The aim was to establish what ‘The FA’ and ‘England’ represent in people’s lives, and to gain a greater insight into the sense of national identity the ‘Three Lions’ can deliver.
The single-lion emblem was first adopted by Henry II when he became King of England in 1154. It was added to by Richard I (The Lionheart) who added a second, add then third lion by the end of his reign in 1199.
However, it was not until 1872, nine years after The FA was established, that the Crest featured in an England game, adorning the payer shirts’ in the world’s first international match, between England and Scotland in Glasgow.
The story of Three Lions Crest
When Henry II ascended the throne of England in 1154 he became the first King to adopt a lion as his badge – imported from the House of Normandy, following the Norman Conquest. His single-lion emblem was added to by his successor Richard I (The Lion-heart), who added a second and then third lion by the end of his reign (1199). Thus the ‘Three Lions’ Crest
When Henry Tudor (Henry VII) was crowned at the Battle of Bosworth after defeating Richard III, it signalled the end of the Wars of the Roses between the Houses of Lancaster and York. Henry’s subsequent marriage to Elizabeth of York united the two houses – and their red and white rose insignias. The Tudor Rose was born – and introduced into the Royal Coat of Arms
The FA was established in 1863, but the first reference to a Three Lions-based badge came in 1872, when the Crest adorned the England shirts in the world’s first international match – a 0-0 draw between Scotland and England, played in Glasgow.

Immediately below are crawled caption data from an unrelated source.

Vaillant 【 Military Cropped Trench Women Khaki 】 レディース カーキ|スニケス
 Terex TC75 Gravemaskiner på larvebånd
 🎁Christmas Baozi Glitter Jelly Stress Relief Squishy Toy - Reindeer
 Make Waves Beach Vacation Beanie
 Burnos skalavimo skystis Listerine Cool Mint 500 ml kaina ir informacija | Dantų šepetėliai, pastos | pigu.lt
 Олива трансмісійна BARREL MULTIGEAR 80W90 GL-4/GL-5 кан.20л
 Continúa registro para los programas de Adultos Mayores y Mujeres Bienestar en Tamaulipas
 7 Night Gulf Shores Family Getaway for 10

Some amends to the shape of the badge and the lions themselves were made during this period. It remained solely an England badge – there was no separate FA Crest. Still the Tudor Rose did not appear, but the badge continued to be surmounted by a red and blue crown as a link to the Crest’s royal origins.
An official FA Coat of Arms was granted by the College of Arms during this season. It was at this point that the 10 Tudor roses were introduced, denoting the 10 divisions of FA member clubs, which still exist today. The crown was removed to differentiate the Crest from that of the England cricket team.
The Crest granted by the College of Arms was common to both The FA and England, although the England team shirts recorded the name of the opposition below the Crest. During this period, light blue was introduced as the colour of the lions on the FA badge, whilst the England Crest remained dark blue.
In 1998, The FA and England identities were re-designed to provide clear differentiation.
The lions and roses became more stylised, and the colour of the roses was changed to a solid red. ‘The Football Association’ was in clear space below the Crest, whilst the word ‘England’ sat in a solid panel above it.
The 2002 evolution established The FA as the ‘lead brand’, with other brands falling under its aegis, including that of the England team. ‘The FA’ abbreviation, as opposed to ‘The Football Association’, now moved to a panel above the Crest, and both Crests became a uniform dark blue.
The England senior team will wear the Crest for the first time on the 28 March in the match against Slovakia at Wembley Stadium.